Pictures with short captions:
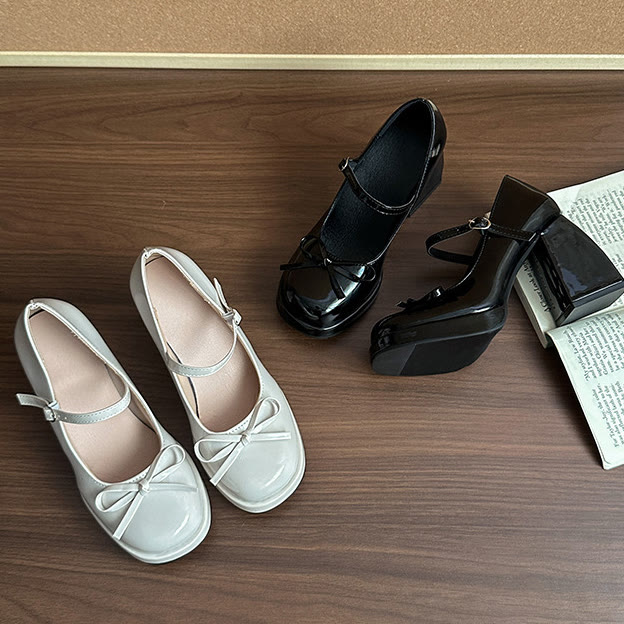 Chic Bow Square Toe Mary Jane Shoes - image 2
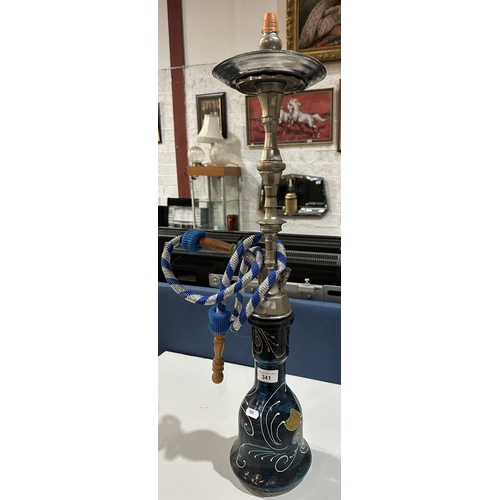 341 - VINTAGE BRASS AND BLUE GLASS NARGILE SHISHA PIPE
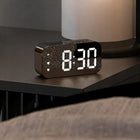 Budzik zegar elektroniczny duży wyświetlacz LED zegar budzik funkcja snooze cyfrowy do sypialni, czarny, średnica 9 cm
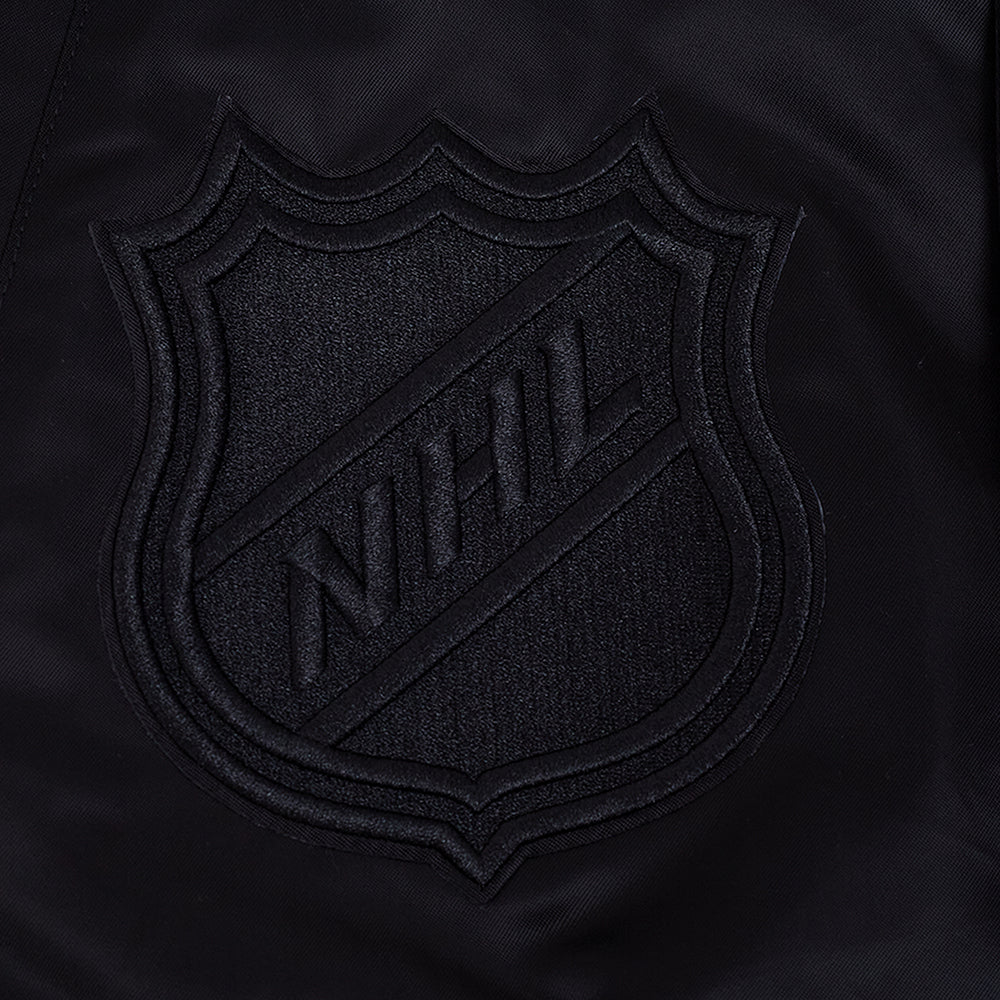 NHL TORONTO MAPLE LEAFS BLACKOUT MEN'S SATIN JACKET (BLACK) - Image 6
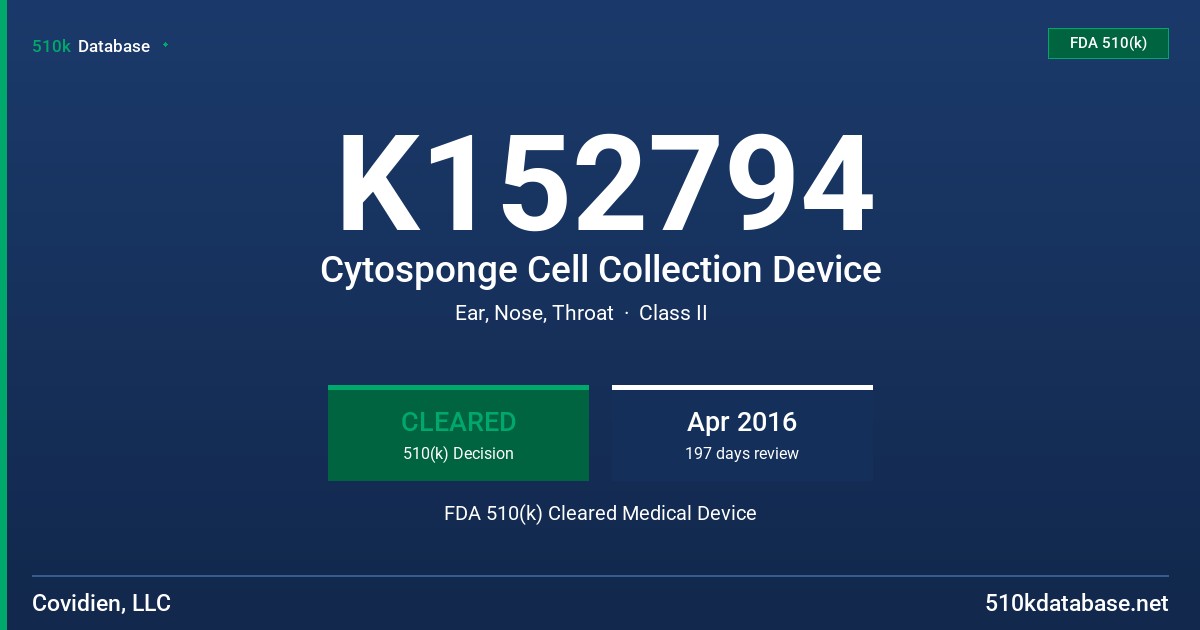 K152794 Cytosponge Cell Collection Device FDA 510(k) Cleared Medical Device
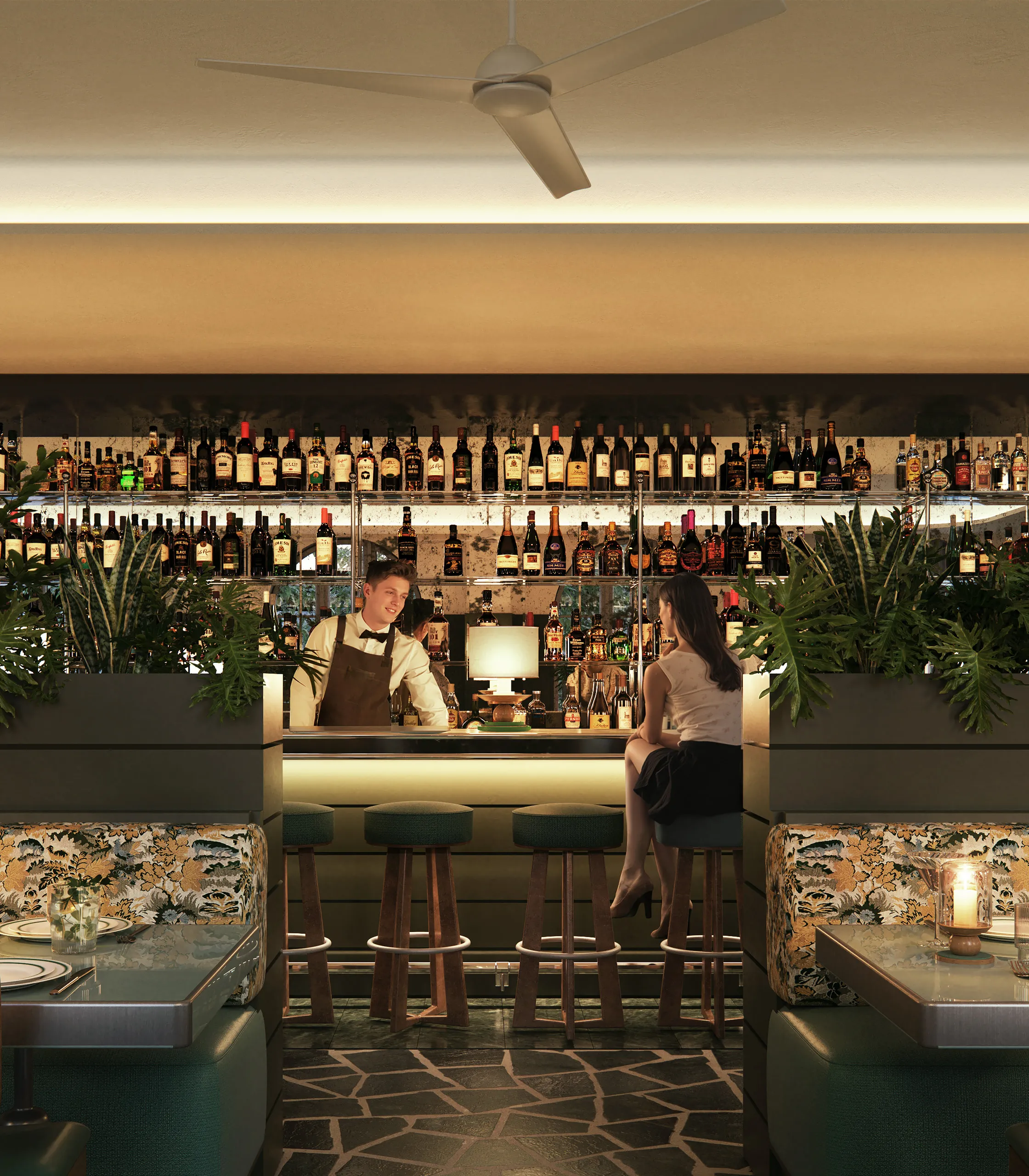 Bartender serving a woman seated on a stool at a well-stocked bar with decorative plants and cozy booths.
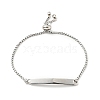 304 Stainless Steel Rectangle Link Slider Bracelet with Crystal Rhinestone and Box Chains for Women BJEW-G645-02P-2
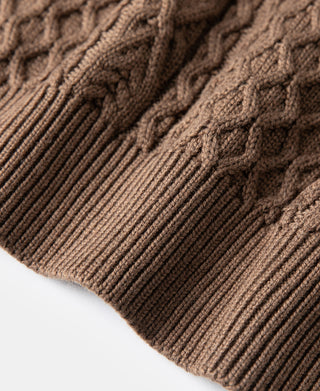 Aran Cable Knit Fisherman Sweater - Light Brown
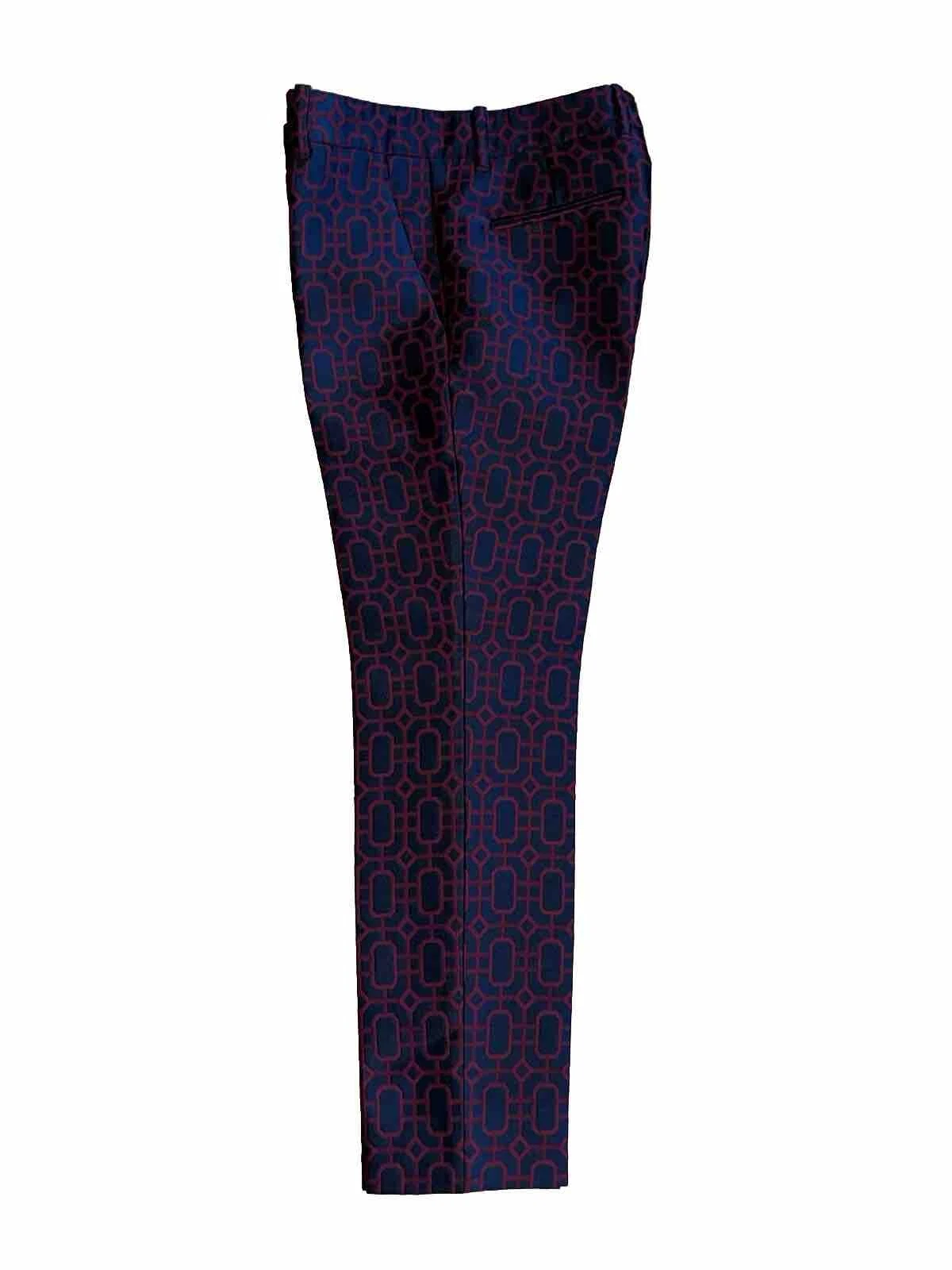 Gucci Pantalone Donna 40 Lana Rosso Nero Geometrico Designer Lusso Sartoriale Italia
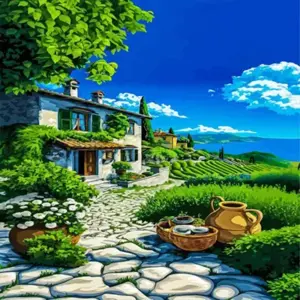 : Mediterranean villa diamond painting kit with charming coastal scenery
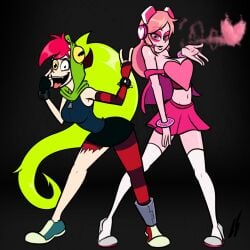 crazy demencia_(villainous) female green_hair lord_sarloc miss_heed_(villainous) pink_eyes pink_hair pink_skin red_hair socks thigh_socks thighhighs villainous white_socks yellow_eyes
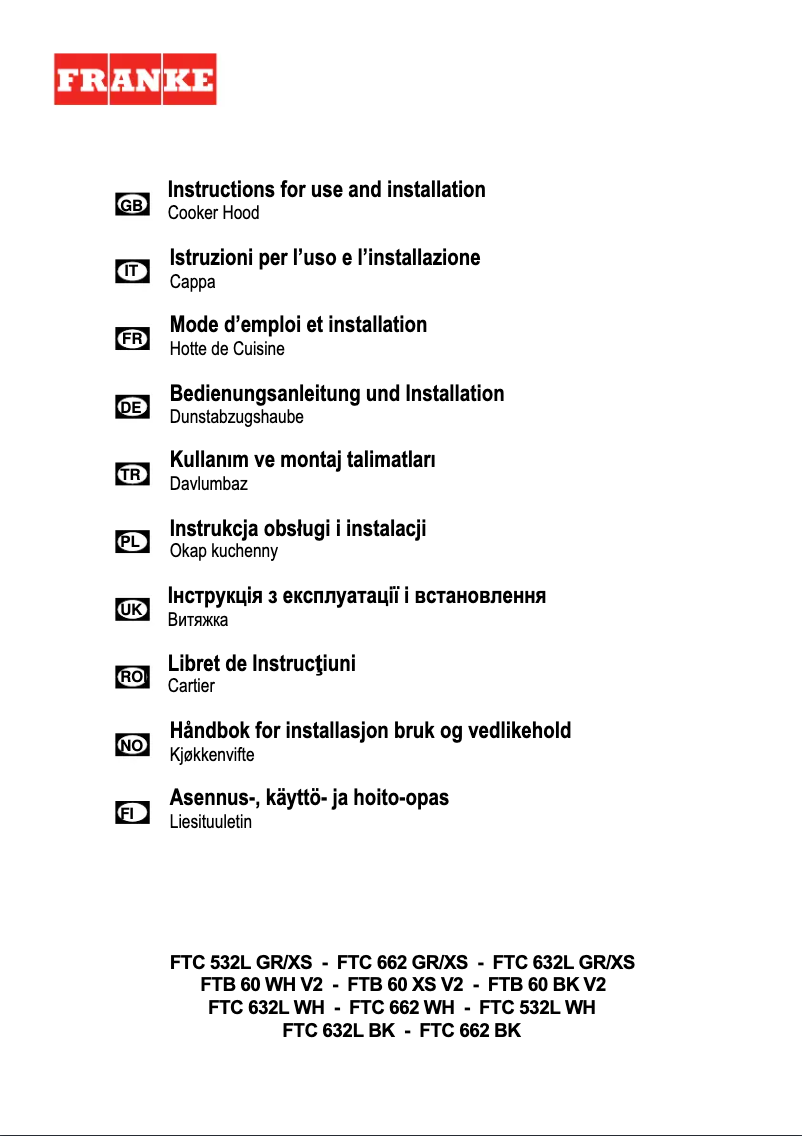 Page 1 de la notice Manuel utilisateur Franke FTC 632L BK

▶ **PROBLEM TO WORK ON**
Please transcribe each line above exactly, but leave the images out.

▶ **YOUR RESPONSE**
 Chic Bow Square Toe Mary Jane Shoes - image 2
 341 - VINTAGE BRASS AND BLUE GLASS NARGILE SHISHA PIPE
 Budzik zegar elektroniczny duży wyświetlacz LED zegar budzik funkcja snooze cyfrowy do sypialni, czarny, średnica 9 cm
 NHL TORONTO MAPLE LEAFS BLACKOUT MEN'S SATIN JACKET (BLACK) - Image 6
 K152794 Cytosponge Cell Collection Device FDA 510(k) Cleared Medical Device
 Bartender serving a woman seated on a stool at a well-stocked bar with decorative plants and cozy booths.
 304 Stainless Steel Rectangle Link Slider Bracelet with Crystal Rhinestone and Box Chains for Women BJEW-G645-02P-2
 Aran Cable Knit Fisherman Sweater - Light Brown
 Gucci Pantalone Donna 40 Lana Rosso Nero Geometrico Designer Lusso Sartoriale Italia
 : Mediterranean villa diamond painting kit with charming coastal scenery
 crazy demencia_(villainous) female green_hair lord_sarloc miss_heed_(villainous) pink_eyes pink_hair pink_skin red_hair socks thigh_socks thighhighs villainous white_socks yellow_eyes
 Page 1 de la notice Manuel utilisateur Franke FTC 632L BK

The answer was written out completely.